Laredo (population 256,000, with another 467,000 across the river in Mexico’s Nuevo Laredo) is the only major border city without some type of border wall. Since Abbott announced in June 2021 that Texas would begin building its own barriers, the state has awarded six contracts totaling $841 million to erect 37 miles of walls in Cameron, Starr, Val Verde, Webb and Zapata counties.
In other high-traffic areas, Texas has stacked large shipping containers to create “steel walls” in an effort to block migrants. South Texas ranchers say physical barriers are needed to stop the destruction of their property by migrants who tear down private fences and leave tons of garbage in their wake.

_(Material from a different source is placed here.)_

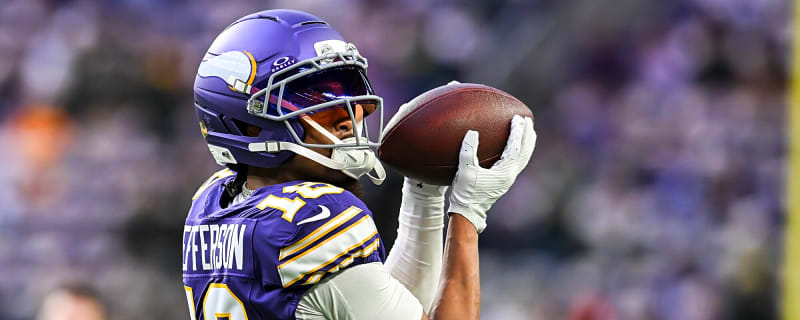 Justin Jefferson injures ankle in first quarter of Vikings-Bucs game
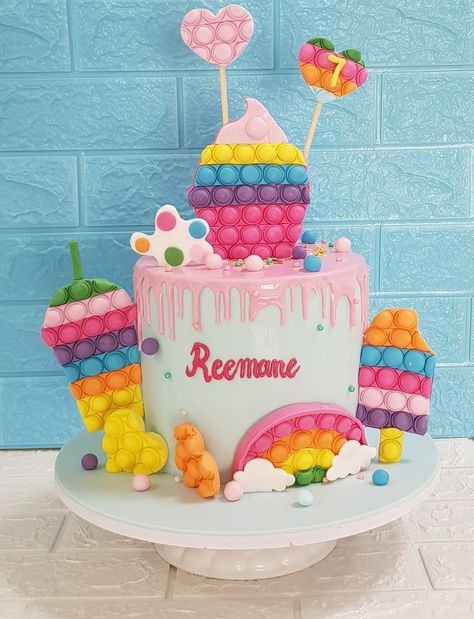 Popit Party, Pop It Cake, Birthday Drip Cake, It Cake, Unicorn Themed Birthday Party, Birthday Cake Pops, Diy Balloon Decorations, Party Pops, Themed Birthday Cakes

Banks – a Border Patrol official for more than 20 years, serving under four presidents, including as agent in charge of Border Patrol stations in Weslaco and McAllen – will also coordinate Operation Lone Star efforts to repel migrants attempting to enter Texas from Mexico.
Last September, Abbott expanded a “border disaster declaration” to 54 Texas counties, and has surged state troopers and National Guard units to the most affected regions, while enhancing criminal penalties on aliens who violate local and state laws.
The only thing Texas can’t legally do is remove illegal aliens. State officials believe that’s the federal government’s job, but the Biden administration isn’t much interested in doing it. Which makes Texas’ labors ever more costly, and Sisyphean.